Проект 1. Мы приезжаем в школу, гимназию, лицей, в офис и проводим День Науки. С лекциями, лабораторными работами (в основном, по химии и физике), с куполом-планетарием, с интерактивными играми, с «круглыми столами» и т.д. За день легко проходят 200-400 детей, которые в течение нескольких уроков получают мощную дозу актуальных, полезных и интересных знаний.
Какие у нас были проблемы? Найти деньги на оборудование, грузовую машину, контент, сделать брендинг, зарегистрировать организацию — это не страшно, берешь кредит и всю жизнь выплачиваешь.
А страшно слышать в ответ, когда звонишь в школу: «Астрономия? Нас не интересует астрономия» или «Мы не проводим платные услуги на территории школы, нам запретили. Кто? Не скажем». «Федеральный закон об образовании — нет, не читали» или «Нас не интересует астрономия. Да, я уверена, всех наших детей не интересует астрономия.
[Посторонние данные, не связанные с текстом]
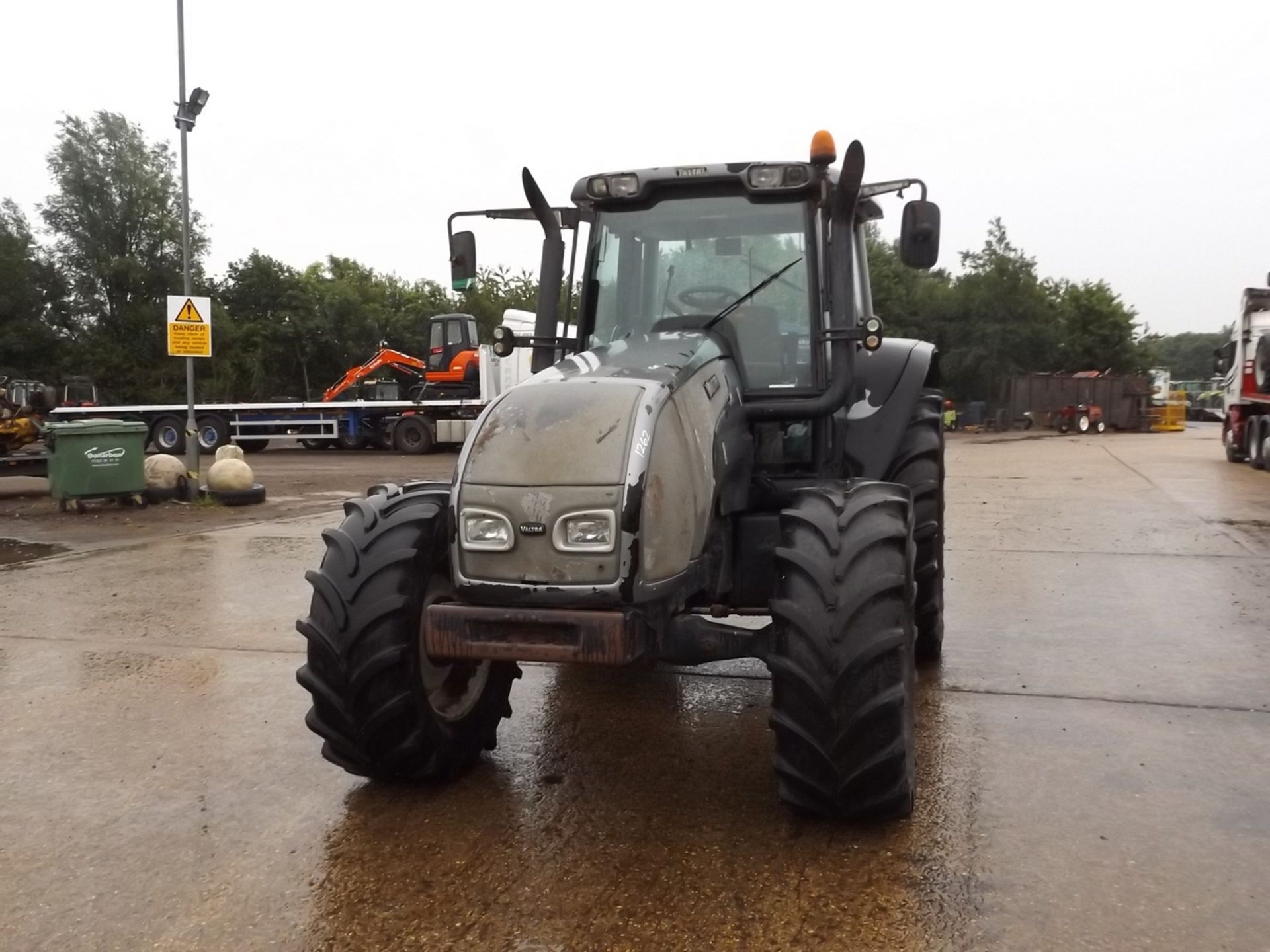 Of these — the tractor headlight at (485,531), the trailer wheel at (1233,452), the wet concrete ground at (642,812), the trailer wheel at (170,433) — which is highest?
the tractor headlight at (485,531)

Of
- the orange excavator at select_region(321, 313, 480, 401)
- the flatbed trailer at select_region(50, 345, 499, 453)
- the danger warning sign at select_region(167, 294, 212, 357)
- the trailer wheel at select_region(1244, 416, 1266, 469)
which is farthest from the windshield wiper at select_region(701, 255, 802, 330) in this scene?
the orange excavator at select_region(321, 313, 480, 401)

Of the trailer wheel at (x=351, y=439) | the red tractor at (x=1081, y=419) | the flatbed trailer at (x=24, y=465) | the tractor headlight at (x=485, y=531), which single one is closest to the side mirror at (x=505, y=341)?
the tractor headlight at (x=485, y=531)

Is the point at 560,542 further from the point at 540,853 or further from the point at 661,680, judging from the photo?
the point at 661,680

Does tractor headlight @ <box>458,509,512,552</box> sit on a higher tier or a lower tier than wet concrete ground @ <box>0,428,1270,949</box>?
higher

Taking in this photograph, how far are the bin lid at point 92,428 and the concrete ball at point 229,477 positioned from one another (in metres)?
1.28

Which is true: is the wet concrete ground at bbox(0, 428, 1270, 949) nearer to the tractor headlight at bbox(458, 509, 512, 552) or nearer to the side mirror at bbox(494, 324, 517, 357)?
the tractor headlight at bbox(458, 509, 512, 552)

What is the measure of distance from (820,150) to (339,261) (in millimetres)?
77072

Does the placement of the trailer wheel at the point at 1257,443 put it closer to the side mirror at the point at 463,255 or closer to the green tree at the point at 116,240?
the side mirror at the point at 463,255

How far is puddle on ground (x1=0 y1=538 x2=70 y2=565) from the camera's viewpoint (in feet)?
32.6

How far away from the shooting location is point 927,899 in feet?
10.5

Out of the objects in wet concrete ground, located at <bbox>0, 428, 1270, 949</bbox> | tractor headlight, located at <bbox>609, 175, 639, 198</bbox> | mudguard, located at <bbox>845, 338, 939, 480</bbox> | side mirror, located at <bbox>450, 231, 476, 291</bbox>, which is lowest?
wet concrete ground, located at <bbox>0, 428, 1270, 949</bbox>

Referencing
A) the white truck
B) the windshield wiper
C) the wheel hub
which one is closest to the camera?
the wheel hub

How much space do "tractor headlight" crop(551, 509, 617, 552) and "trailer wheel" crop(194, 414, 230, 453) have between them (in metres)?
26.9

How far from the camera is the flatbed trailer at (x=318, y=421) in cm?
2692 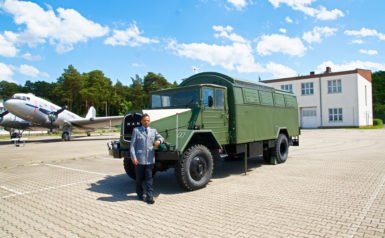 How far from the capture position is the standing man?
5887 mm

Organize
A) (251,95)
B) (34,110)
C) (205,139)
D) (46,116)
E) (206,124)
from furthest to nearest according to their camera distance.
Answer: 1. (46,116)
2. (34,110)
3. (251,95)
4. (205,139)
5. (206,124)

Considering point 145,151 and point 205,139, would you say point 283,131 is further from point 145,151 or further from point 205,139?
point 145,151

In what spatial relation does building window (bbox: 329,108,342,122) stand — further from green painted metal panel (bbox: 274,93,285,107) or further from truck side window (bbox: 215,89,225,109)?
truck side window (bbox: 215,89,225,109)

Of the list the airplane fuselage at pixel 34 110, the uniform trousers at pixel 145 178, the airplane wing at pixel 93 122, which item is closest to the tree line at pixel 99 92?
the airplane wing at pixel 93 122

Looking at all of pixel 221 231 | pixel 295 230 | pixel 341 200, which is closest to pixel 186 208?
pixel 221 231

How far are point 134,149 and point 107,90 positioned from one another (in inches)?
2799

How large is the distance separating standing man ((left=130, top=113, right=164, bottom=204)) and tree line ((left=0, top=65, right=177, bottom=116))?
55.6 meters

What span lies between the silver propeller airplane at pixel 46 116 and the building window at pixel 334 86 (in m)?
29.0

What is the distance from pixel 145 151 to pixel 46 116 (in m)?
24.5

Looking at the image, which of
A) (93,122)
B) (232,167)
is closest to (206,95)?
(232,167)

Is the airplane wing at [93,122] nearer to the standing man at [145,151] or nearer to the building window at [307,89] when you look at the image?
the standing man at [145,151]

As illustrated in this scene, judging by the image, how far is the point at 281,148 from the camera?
1079cm

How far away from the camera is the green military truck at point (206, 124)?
21.6 ft

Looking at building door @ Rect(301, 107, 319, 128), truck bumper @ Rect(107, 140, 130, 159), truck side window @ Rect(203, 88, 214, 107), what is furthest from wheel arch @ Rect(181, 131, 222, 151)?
building door @ Rect(301, 107, 319, 128)
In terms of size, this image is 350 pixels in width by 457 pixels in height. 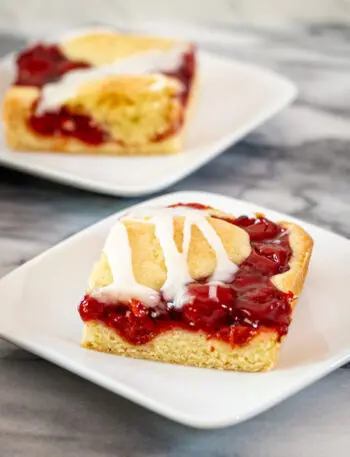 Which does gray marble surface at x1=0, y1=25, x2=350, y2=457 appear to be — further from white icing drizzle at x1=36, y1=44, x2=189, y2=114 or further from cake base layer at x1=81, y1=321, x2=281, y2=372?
white icing drizzle at x1=36, y1=44, x2=189, y2=114

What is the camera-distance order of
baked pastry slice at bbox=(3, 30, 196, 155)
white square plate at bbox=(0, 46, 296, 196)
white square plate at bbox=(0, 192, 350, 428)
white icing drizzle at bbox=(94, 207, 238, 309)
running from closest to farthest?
white square plate at bbox=(0, 192, 350, 428)
white icing drizzle at bbox=(94, 207, 238, 309)
white square plate at bbox=(0, 46, 296, 196)
baked pastry slice at bbox=(3, 30, 196, 155)

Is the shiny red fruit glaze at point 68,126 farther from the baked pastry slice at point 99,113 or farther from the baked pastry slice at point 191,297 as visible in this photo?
the baked pastry slice at point 191,297

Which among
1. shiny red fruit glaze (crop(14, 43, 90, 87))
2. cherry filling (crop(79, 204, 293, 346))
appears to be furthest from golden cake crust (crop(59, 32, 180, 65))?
cherry filling (crop(79, 204, 293, 346))

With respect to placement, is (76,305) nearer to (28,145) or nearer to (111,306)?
(111,306)

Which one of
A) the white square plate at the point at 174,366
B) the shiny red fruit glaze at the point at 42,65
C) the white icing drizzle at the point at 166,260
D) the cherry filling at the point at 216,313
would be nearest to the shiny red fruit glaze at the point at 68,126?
the shiny red fruit glaze at the point at 42,65

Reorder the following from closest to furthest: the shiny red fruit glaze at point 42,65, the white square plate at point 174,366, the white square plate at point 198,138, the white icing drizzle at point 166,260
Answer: the white square plate at point 174,366 < the white icing drizzle at point 166,260 < the white square plate at point 198,138 < the shiny red fruit glaze at point 42,65

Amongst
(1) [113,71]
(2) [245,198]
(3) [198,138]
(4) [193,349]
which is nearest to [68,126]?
(1) [113,71]

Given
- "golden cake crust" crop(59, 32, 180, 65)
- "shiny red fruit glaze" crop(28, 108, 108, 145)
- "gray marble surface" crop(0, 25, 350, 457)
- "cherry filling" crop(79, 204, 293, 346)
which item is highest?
"golden cake crust" crop(59, 32, 180, 65)

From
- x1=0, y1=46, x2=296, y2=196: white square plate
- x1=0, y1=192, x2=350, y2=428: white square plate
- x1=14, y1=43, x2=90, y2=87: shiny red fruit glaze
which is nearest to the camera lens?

Меня не интересует, значит и детей тоже». Опять же, не во всех организациях, но регулярно приходится слышать и такое. А что самое любопытное, большая часть бюджетных организаций свято уверена, что мы все должны делать за свой счет, раз уж мы сами позвонили.
Проект 2 — образовательные курсы. Изначально для детей, чтобы подготовить и мотивировать к поступлению в ВУЗ на соответствующую специальность. Здесь относительно все понятно, есть курсы попроще — Общая астрономия, к примеру. Есть спецкурсы — Астрофизика, Планетология и т.д., есть Олимпиадная астрономия как метод погружения в фундаментальную науку.
Удивлению нашему не было предела, когда выяснилось, что взрослых, которые хотели бы заниматься, не меньше, чем детей. Кто-то работает журналистом и хочет грамотно писать статьи, кто-то занимается любительской астрономией и жаждет понимать, что наблюдает, а кто-то и вовсе нуждается в качественных знаниях, чтобы отвечать на вопросы ребенка. Мотивация может быть любая.
Возвращаясь к теме вопроса, сложно? Да, сложно. Популярная астрономия — очень. К сожалению, 90% русскоязычного контента в сети — профанация и надувательство, а что переведено с английского — не так страшен контент, как его локализация. Поэтому даже заинтересованному человеку сложно найти себе адекватный источник информации.
Высок ли уровень знаний? К сожалению, нет. Есть узкий класс молодых технических специалистов и людей с фундаментальным образованием из Союза, у которых знания на уровне. Однако подавляющее большинство населения не осознает, по какой причине меняются сезоны на Земле, что такое полярные дни и полярные ночи, почему на экваторе каждый день практически равен ночи, зачем нужен високосный год, почему месяц октябрь — десятый, а по идее «окта» — восемь, откуда взялись элементы из таблицы Менделеева, и что такое красное смещение.
Что мешает развитию? Низкий уровень юридической грамотности управляющих в образовательных учреждениях и чиновников нижнего звена. Профанация со стороны надувателей. Мифология в умах людей, в особенности старшего поколения. У нас был ребенок, которому бабушка запретила посещать курсы. А почему? Потому что он не смог ответить на вопрос «в какой лунный день солить огурцы». Закрытость чиновников среднего звена. Кстати, к высшему звену — министру, к примеру, попасть гораздо проще. И чем выше чиновник, тем он адекватнее и приветливее. Сложность в партнерке с крупными структурами. Изначально с нами вообще никто говорить не хотел, даже родная альма-матер. А когда мы объехали 35 000 детей с лекциями за год, стало уже интереснее.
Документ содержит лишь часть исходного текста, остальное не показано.